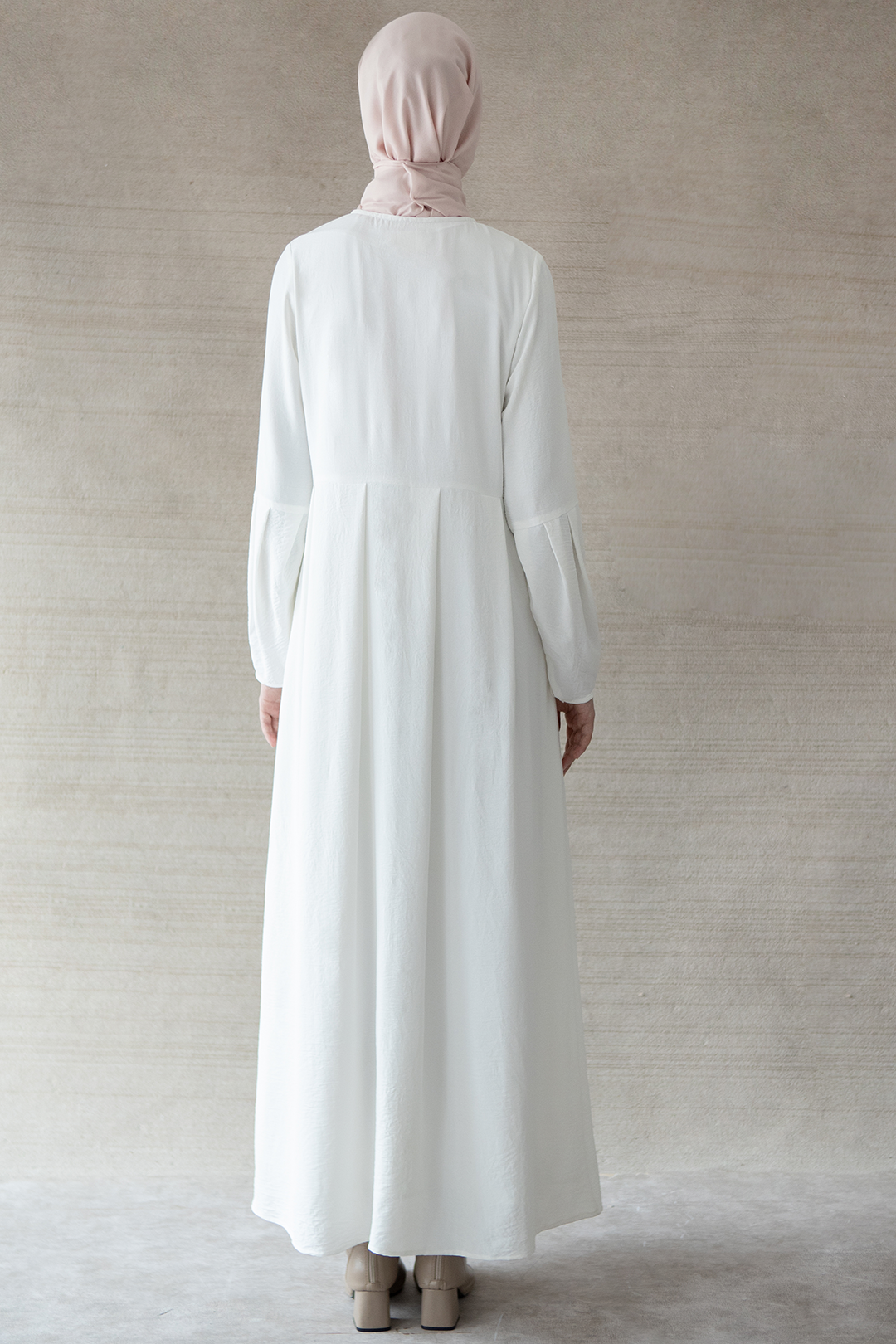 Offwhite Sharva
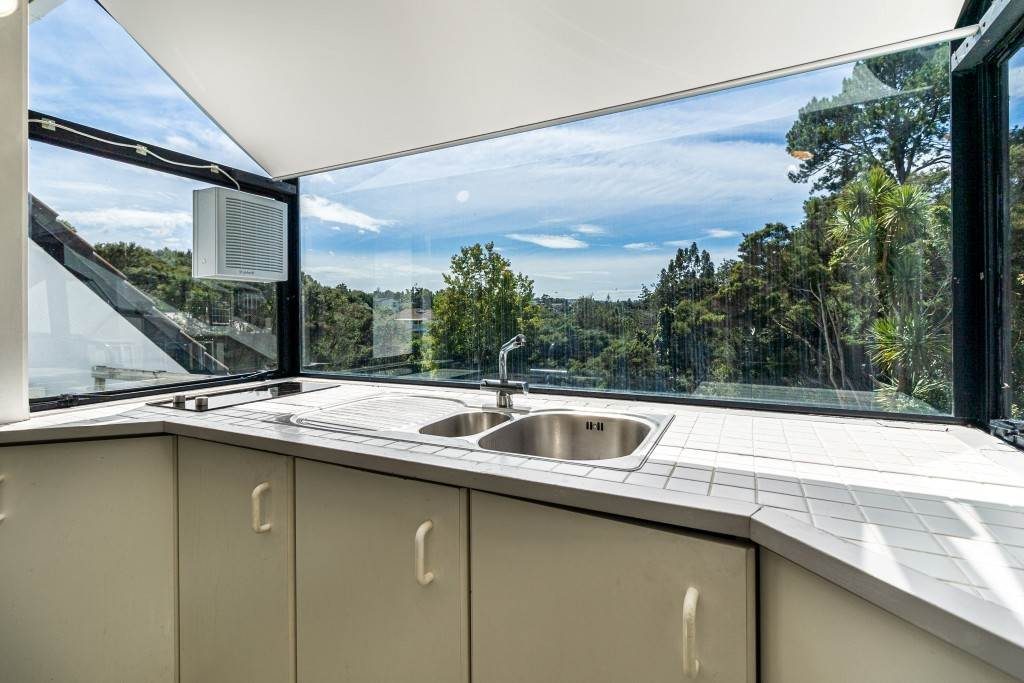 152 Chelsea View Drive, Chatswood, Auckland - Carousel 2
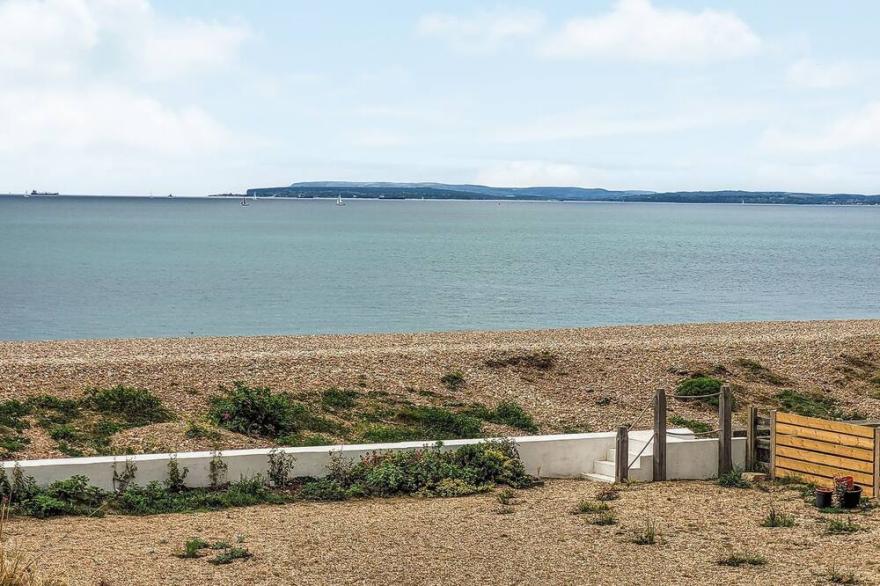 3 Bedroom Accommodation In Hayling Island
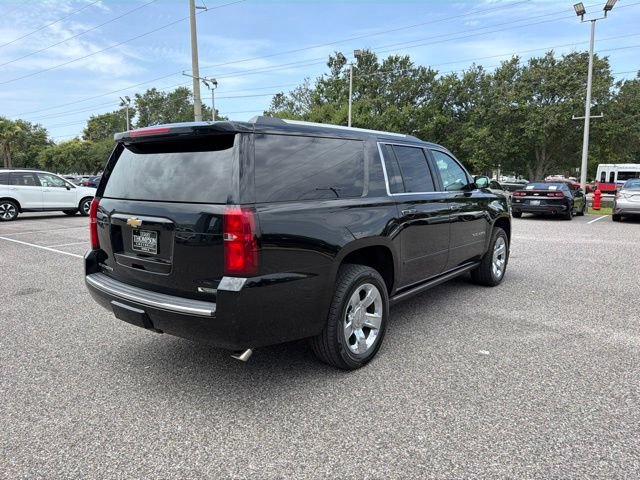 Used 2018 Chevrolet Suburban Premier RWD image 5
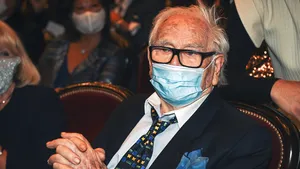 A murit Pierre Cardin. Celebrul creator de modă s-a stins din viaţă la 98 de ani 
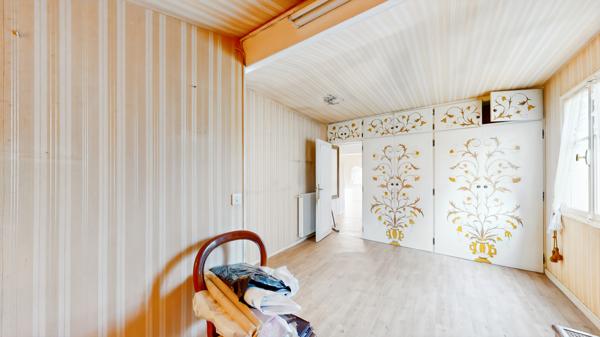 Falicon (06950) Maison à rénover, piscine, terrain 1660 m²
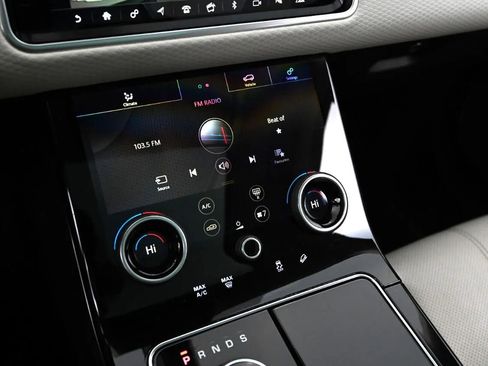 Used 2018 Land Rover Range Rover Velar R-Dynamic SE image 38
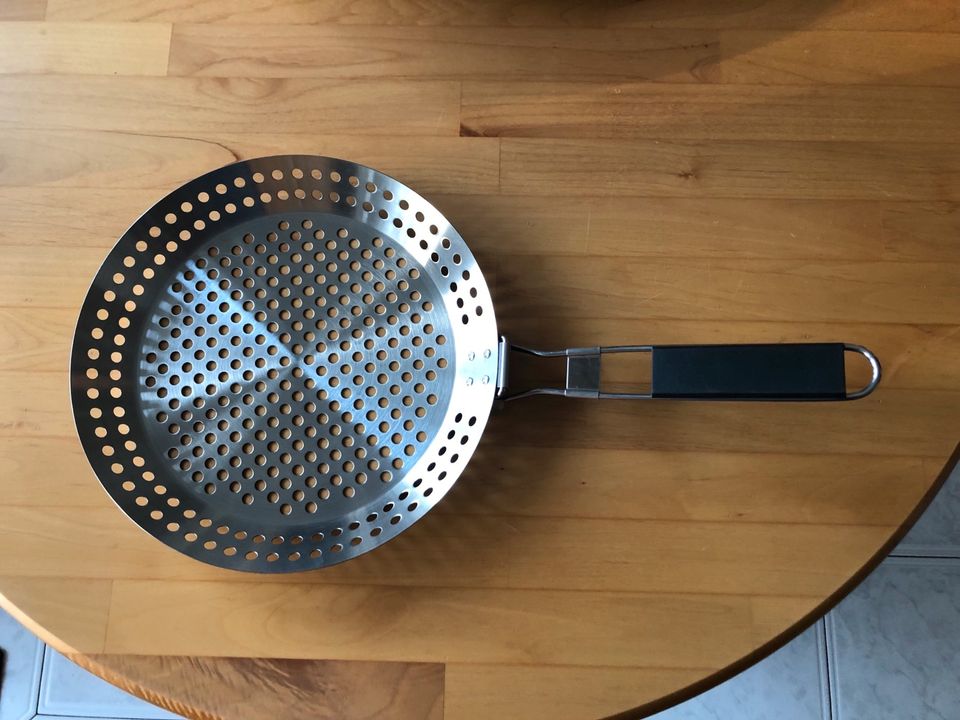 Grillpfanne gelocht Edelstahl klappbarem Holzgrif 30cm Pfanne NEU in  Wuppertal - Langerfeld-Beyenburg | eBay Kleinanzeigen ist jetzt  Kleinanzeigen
* * *
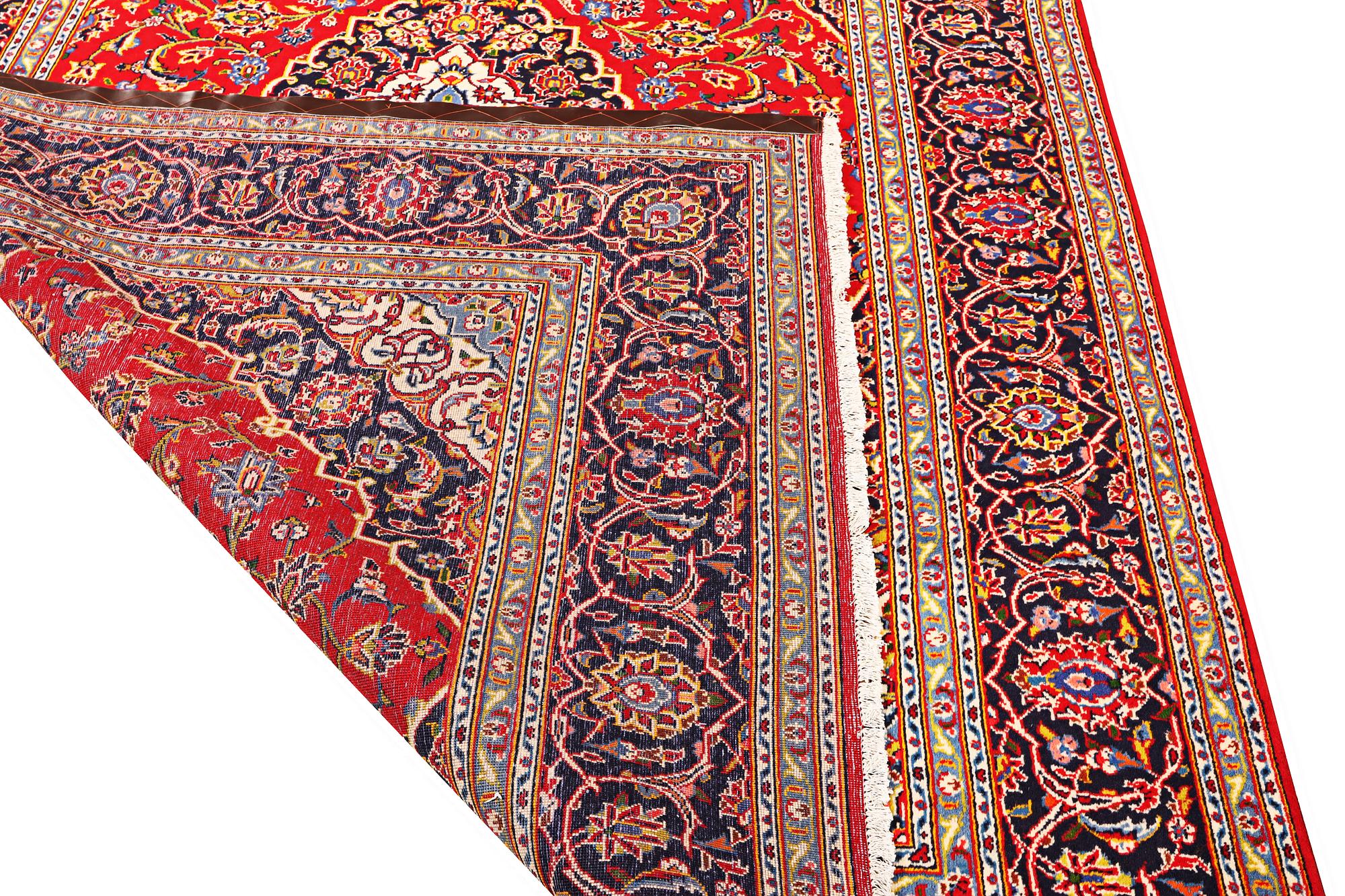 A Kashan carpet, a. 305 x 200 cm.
...
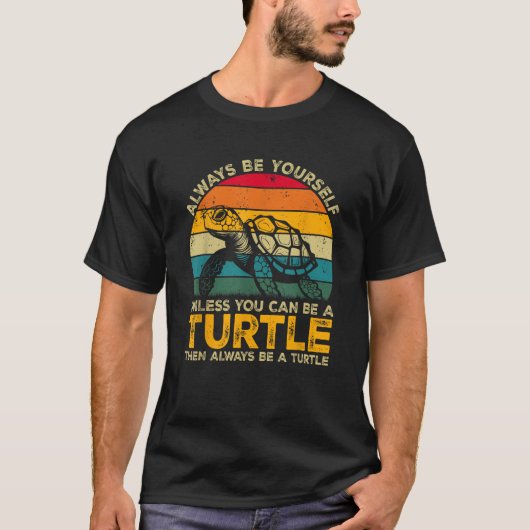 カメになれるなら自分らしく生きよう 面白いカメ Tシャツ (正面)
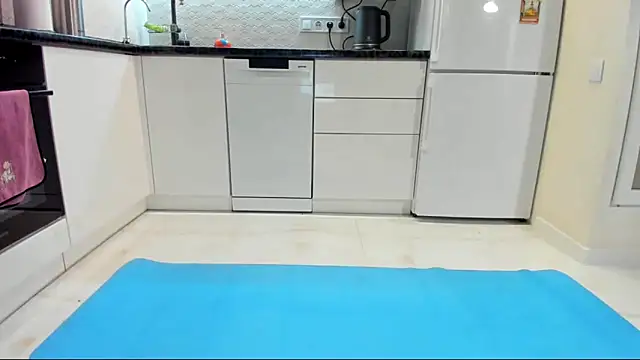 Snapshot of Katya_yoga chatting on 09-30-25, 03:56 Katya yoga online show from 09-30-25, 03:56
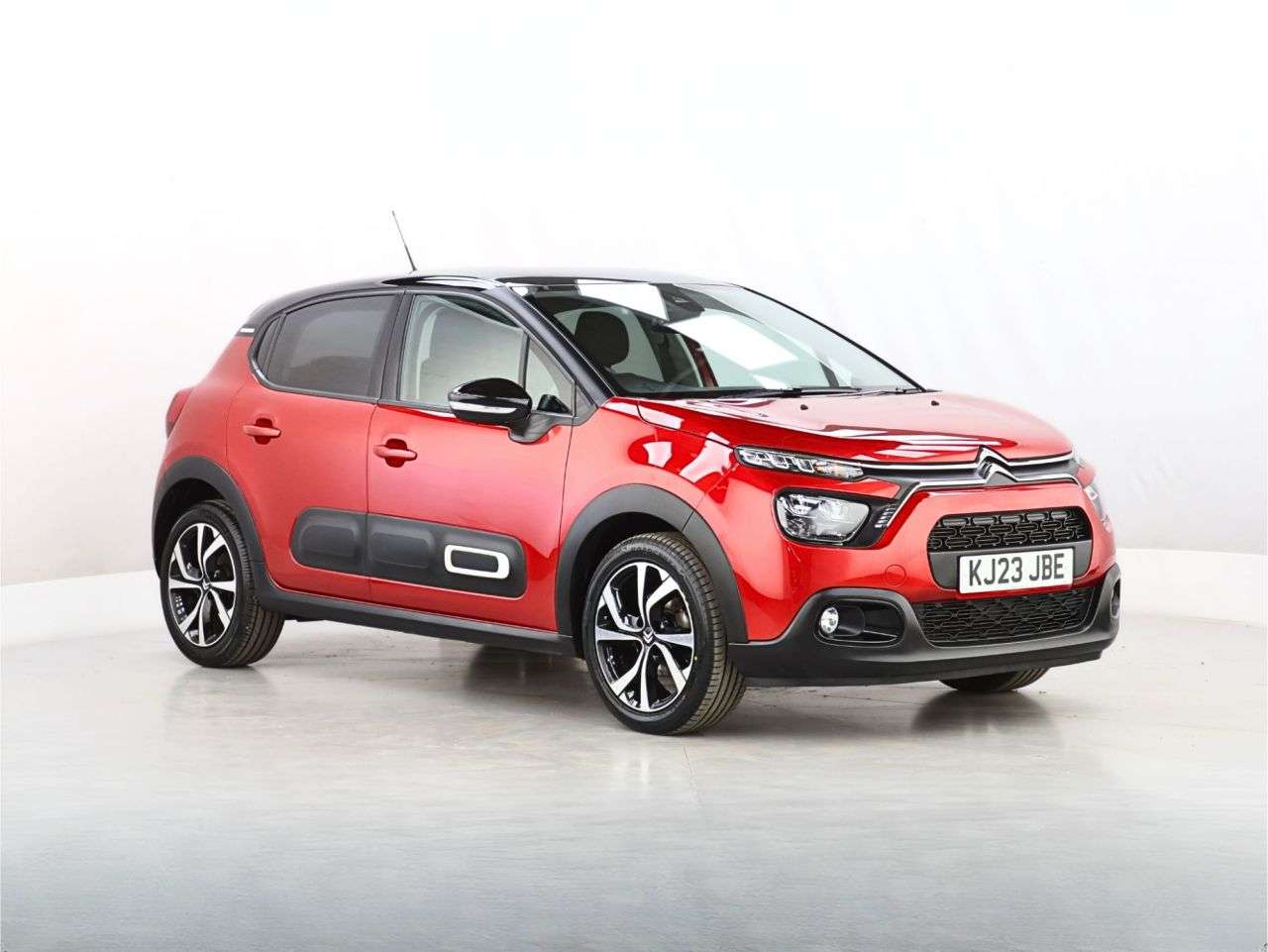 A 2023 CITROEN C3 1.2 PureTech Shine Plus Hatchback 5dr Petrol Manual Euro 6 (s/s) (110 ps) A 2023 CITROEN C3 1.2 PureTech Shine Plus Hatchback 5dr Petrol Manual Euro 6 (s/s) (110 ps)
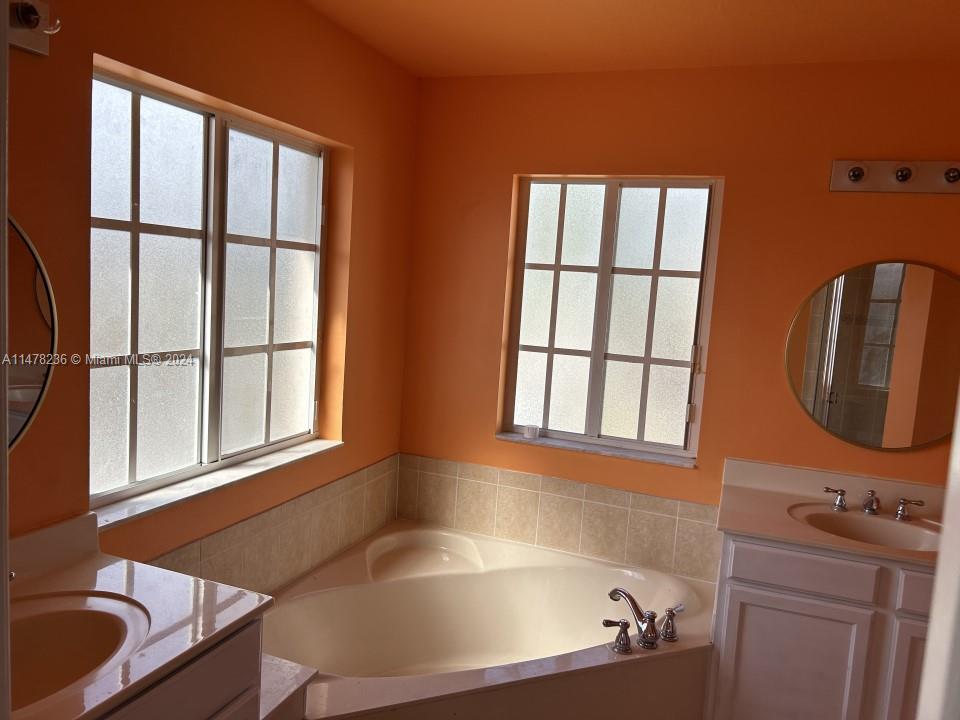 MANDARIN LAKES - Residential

Task:
When copying from the data above, begin at the line containing "Offwhite Sharva" and end at the line containing "Grillpfanne gelocht Edelstahl"; return those lines exactly and leave all pictures behind.

Worked solution:
 Offwhite Sharva
 152 Chelsea View Drive, Chatswood, Auckland - Carousel 2
 3 Bedroom Accommodation In Hayling Island
 Used 2018 Chevrolet Suburban Premier RWD image 5
 A murit Pierre Cardin. Celebrul creator de modă s-a stins din viaţă la 98 de ani 
 Falicon (06950) Maison à rénover, piscine, terrain 1660 m²
 Used 2018 Land Rover Range Rover Velar R-Dynamic SE image 38
 Grillpfanne gelocht Edelstahl klappbarem Holzgrif 30cm Pfanne NEU in  Wuppertal - Langerfeld-Beyenburg | eBay Kleinanzeigen ist jetzt  Kleinanzeigen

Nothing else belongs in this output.